# Homework Help: Differentiation problem

1. Sep 14, 2009

### efekwulsemmay

1. The problem statement, all variables and given/known data
This is the larger problem to the small portion that I already posted in the Precalc Hw help forum.
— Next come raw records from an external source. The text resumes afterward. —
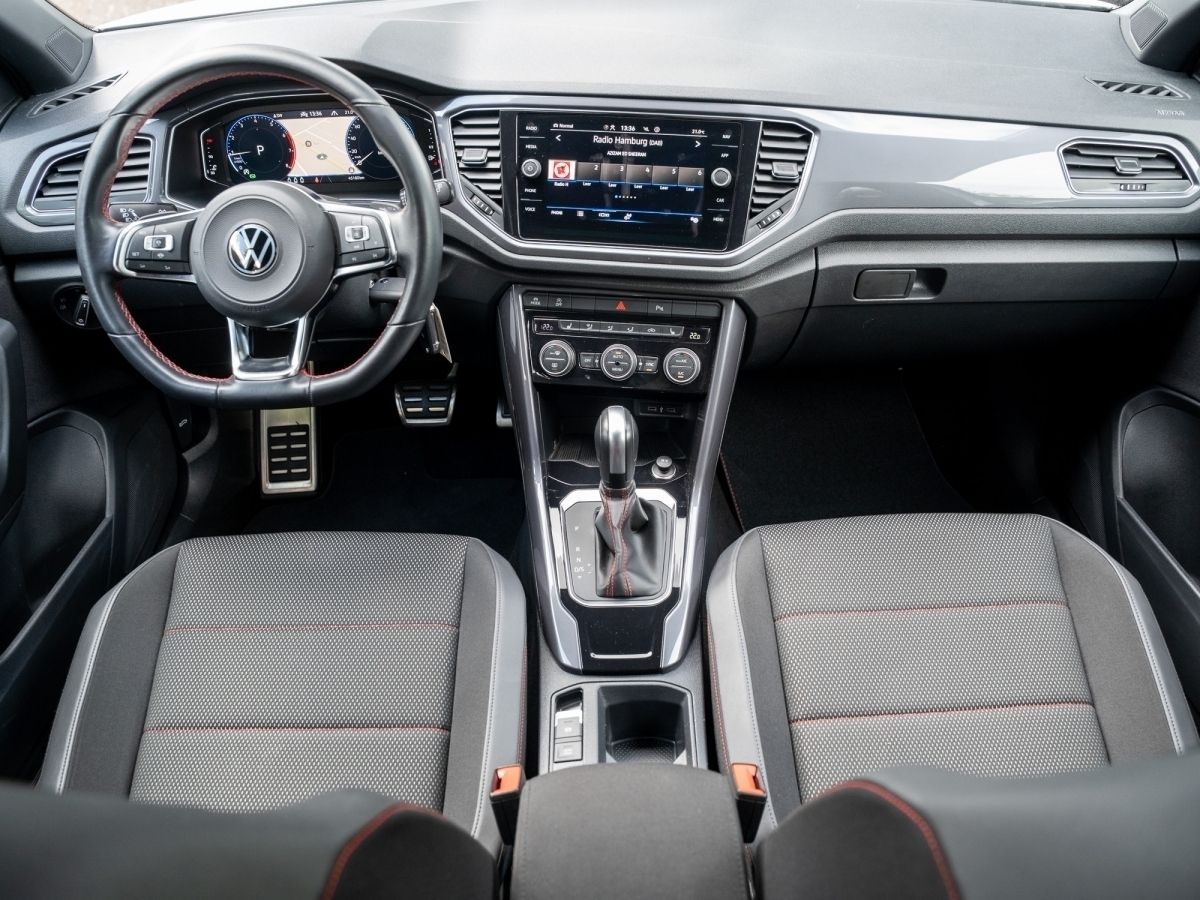 Volkswagen T-ROC Sport 1.5 TSI - Samsaru's Car Outlet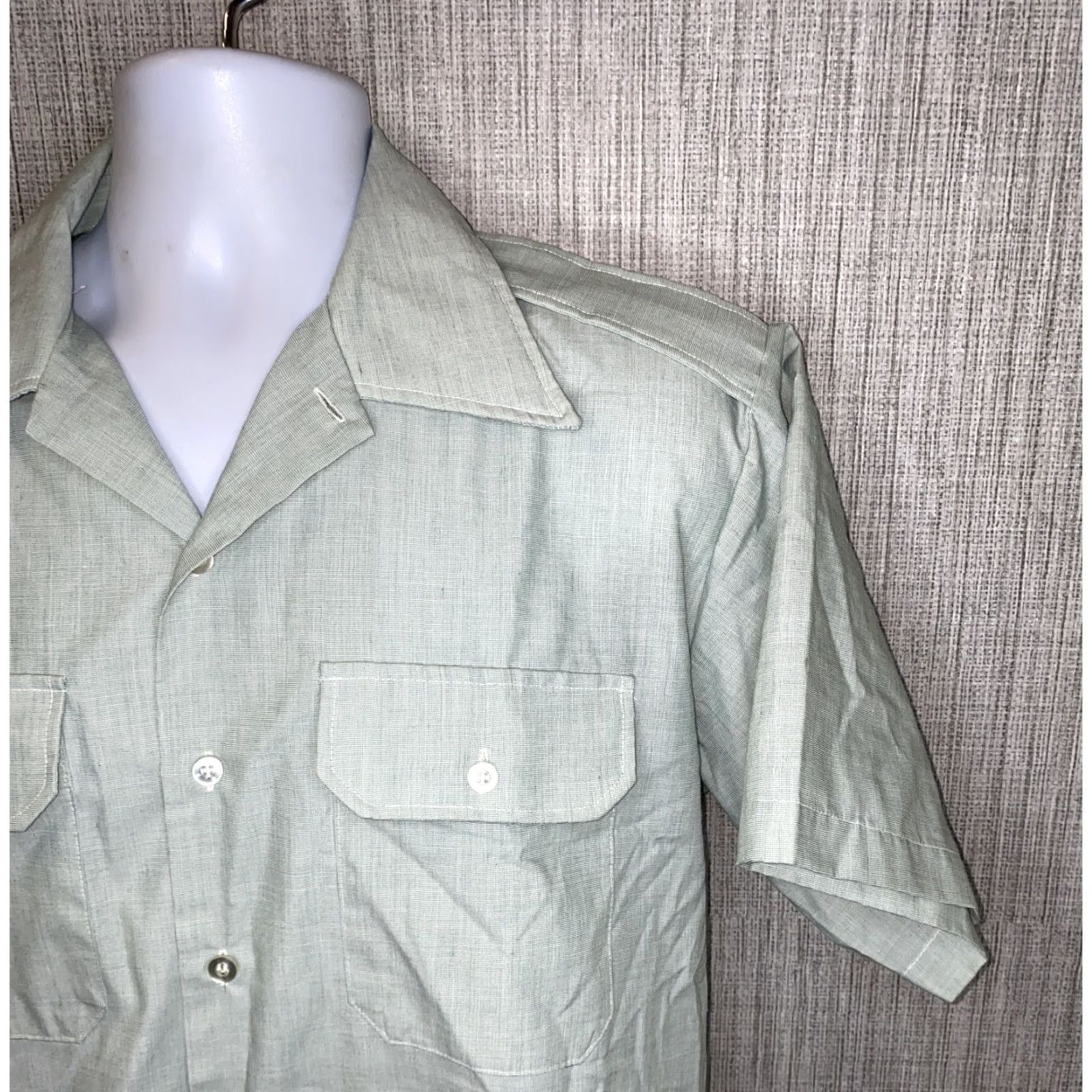 Vintage Mens Light Green Shirt Short Sleeve Button Front Dress 16.5 Regular Collar Polyester/Cotton Solid Mens Size 46R - 2 Thumbnail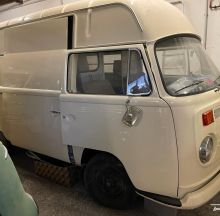 vendo - VW Bus T2 1968 Hochdach Rechtslenker, CHF 15000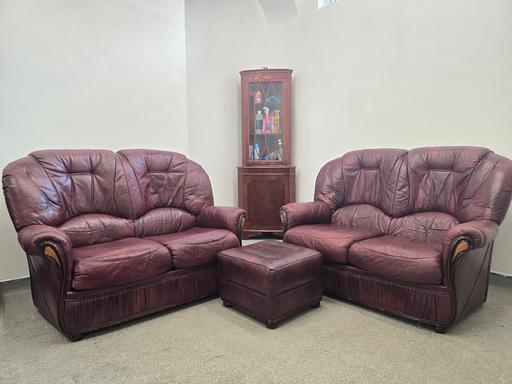 Buy & Sell Quarry Bank Dudley - Photos for ox blood Italian leather 2x2 with footstall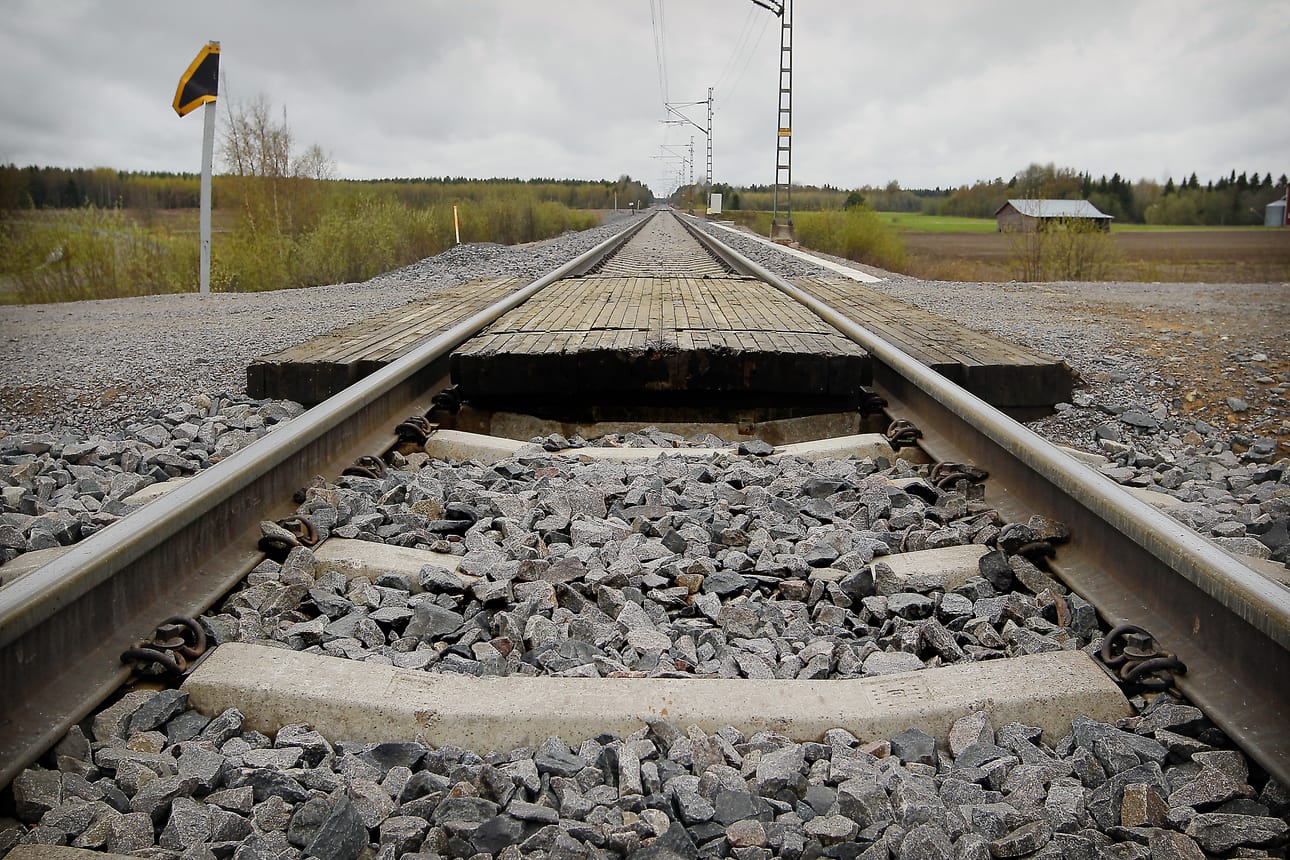 Käytännössä vaarallinen tasoristeys on esimerkiksi sellainen, että vaikka ajoneuvon kuljettaja pysähtyy risteykseen, katsoo kumpaankin suuntaan ja päättää sitten mennä yli, voi juna vielä tulla. Arkistokuva.
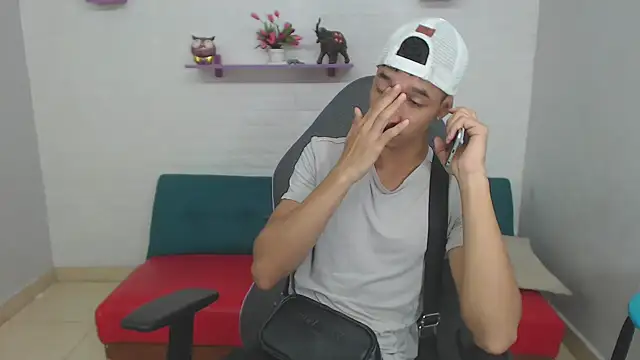 Snapshot of jose_sexycumm chatting on February 18, 7:10 pm jose sexycumm online show from February 18, 7:10 pm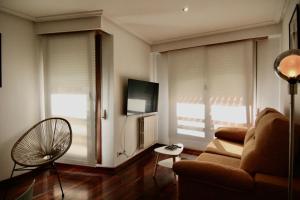 Телевизор и/или развлекательный центр в 1E.Tranquilo y soleado en la Plaza de las Mercedes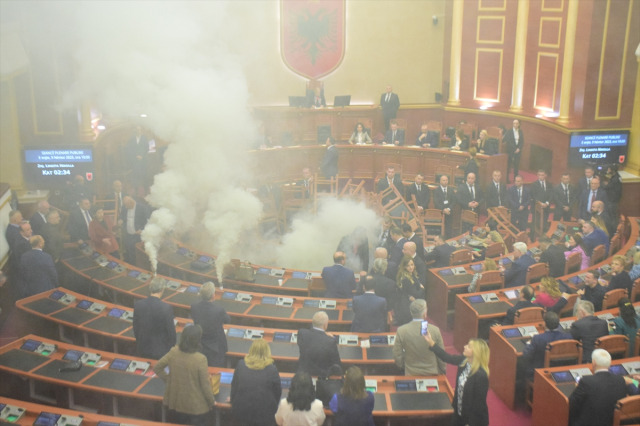 Arnavutluk Parlamentosu Karıştı !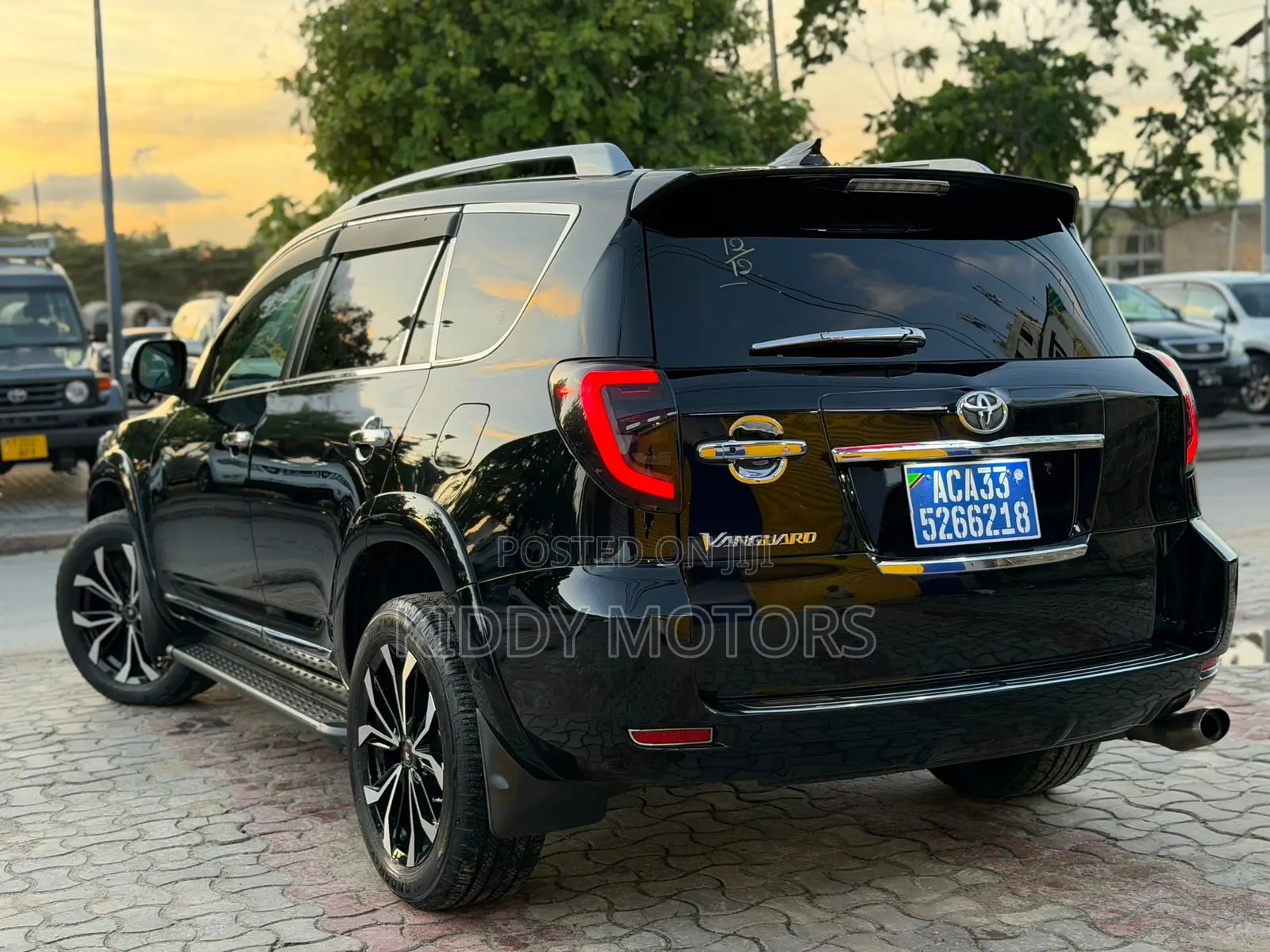 Toyota Vanguard 2012 Black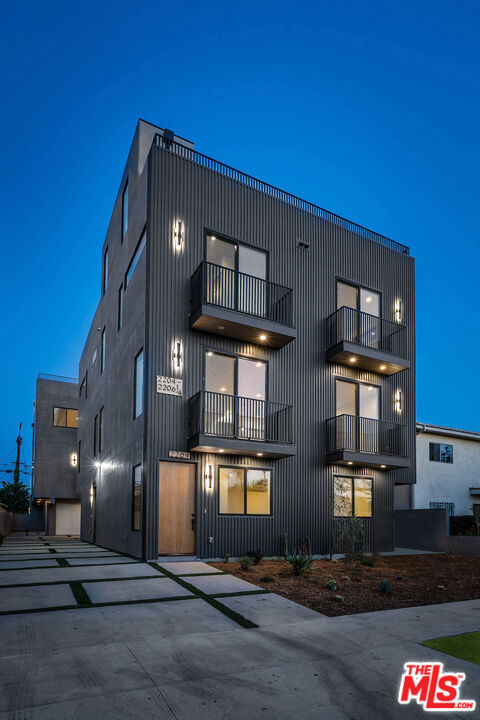 2204 1/2 Carmona Avenue - Photo 22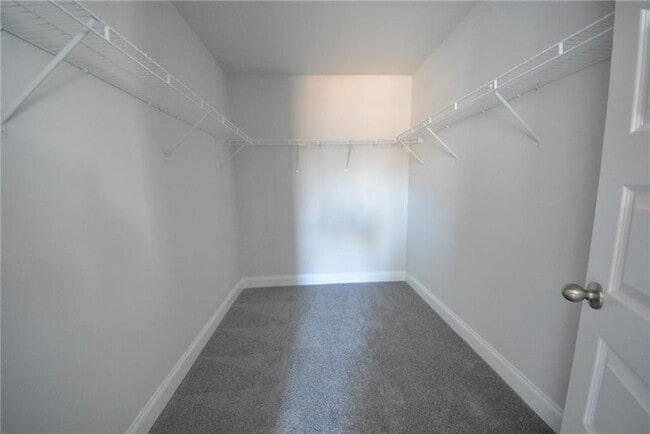 Building Photo - 3871 Brookburn Park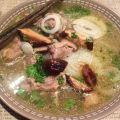 Soupe vietnamienne au Canard / Phô de canard /[...]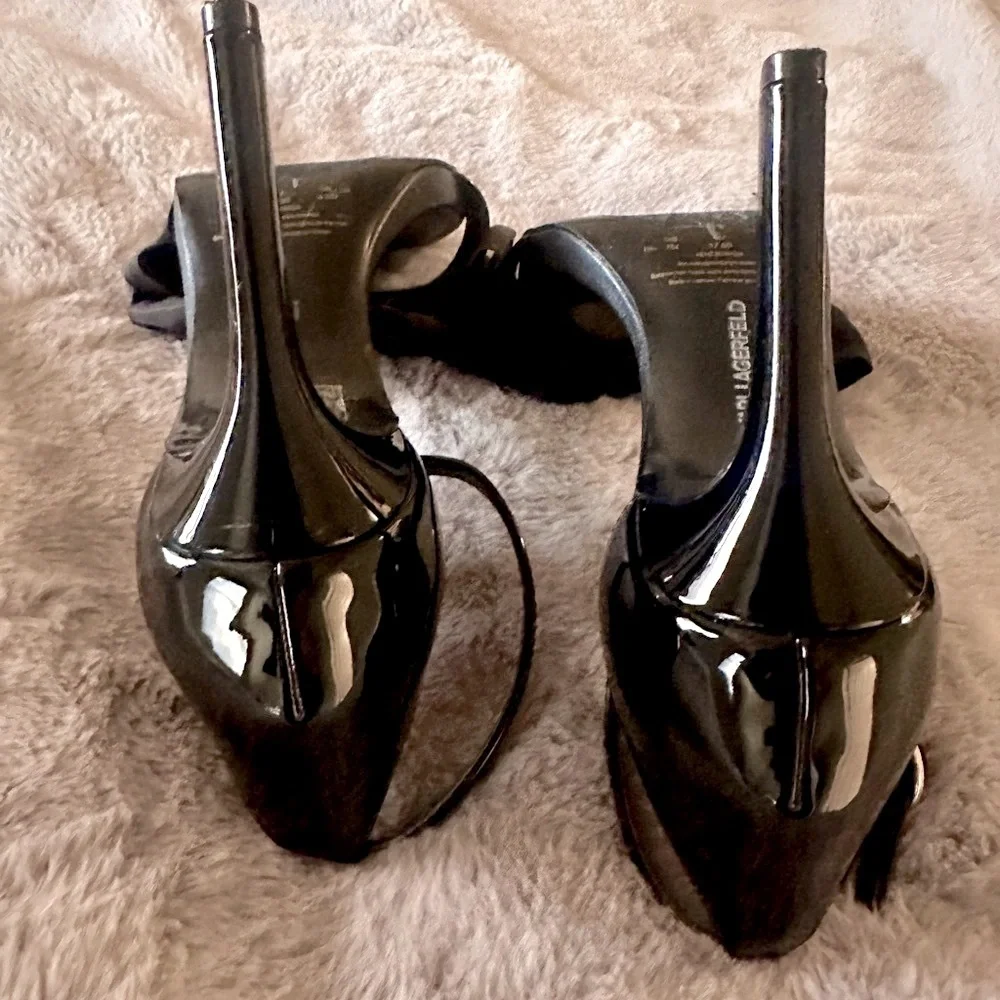 KARL LAGERFELD Black 4 inch Heels Bow Accents Size 7 - Picture 5 of 7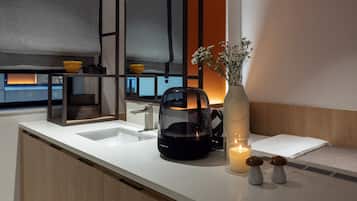 Deluxe A | Premium bedding, free WiFi, bed sheets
I still can't figure out how to get to the answer.

The problem is this:
I am trying to find the derivative of $$f(x)=x+\frac{9}{x}$$.

2. Relevant equations
I know via power rule that the answer will be:
$$\frac{dy}{dx}=1+\frac{9}{x^{2}}$$
However, I must do it the messy way. :grumpy:

3. The attempt at a solution
This is what I have got so far:
1.$$\frac{f(x+h)-f(x)}{h}$$

2.$$=\lim_{h\rightarrow0}\frac{\left((x+h)+\frac{9}{x+h}\right)-\left(x+\frac{9}{x}\right)}{h}$$

3.$$=\lim_{h\rightarrow0}\frac{x+h+\frac{9}{x+h}-x-\frac{9}{x}}{h}$$

4.$$=\lim_{h\rightarrow0}\frac{h}{h}+\frac{\frac{9}{x+h}}{h}-\frac{\frac{9}{x}}{h}$$

5.$$=\lim_{h\rightarrow0}1+\left(\frac{9h}{x+h}-\frac{9h}{x}\right)$$

6.$$=\lim_{h\rightarrow0}1+\left(\frac{x}{x}\cdot\frac{9h}{x+h}-\frac{9h}{x}\cdot\frac{x+h}{x+h}\right)$$

7.$$=\lim_{h\rightarrow0}1+\frac{9hx-9hx-9h^{2}}{x(x+h)}$$

8.$$=\lim_{h\rightarrow0}1+\frac{-9h^{2}}{x(x+h)}$$

I don't know where to go from here or even if here is where I am supposed to be. Help please?

Last edited: Sep 14, 2009
2. Sep 14, 2009

### efekwulsemmay

Partial whos-a-what?

3. Sep 14, 2009

### Dick

You were doing fine until step 5. Then you changed (9/(x+h)-9/x)/h into (9h/(x+h)-9h/x). You can't do that. You just moved h into the numerator by 'magic'. Leave it in the denominator! You also don't want to multiply by h/h in the next step. You want to multiply by x/x to get the common denominator.

4. Sep 14, 2009

### efekwulsemmay

Ok thats where I went wrong. Thanks for your help. Btw the multiplying h/h was a typo, its supposed to be x/x.

5. Sep 14, 2009

### efekwulsemmay

Awesome. So going by what you said Dick, I figured out that I messed up by putting that h in the numerator (slopy fraction solving :) ) I worked it out and got the right answer. Thanks for your help Dick.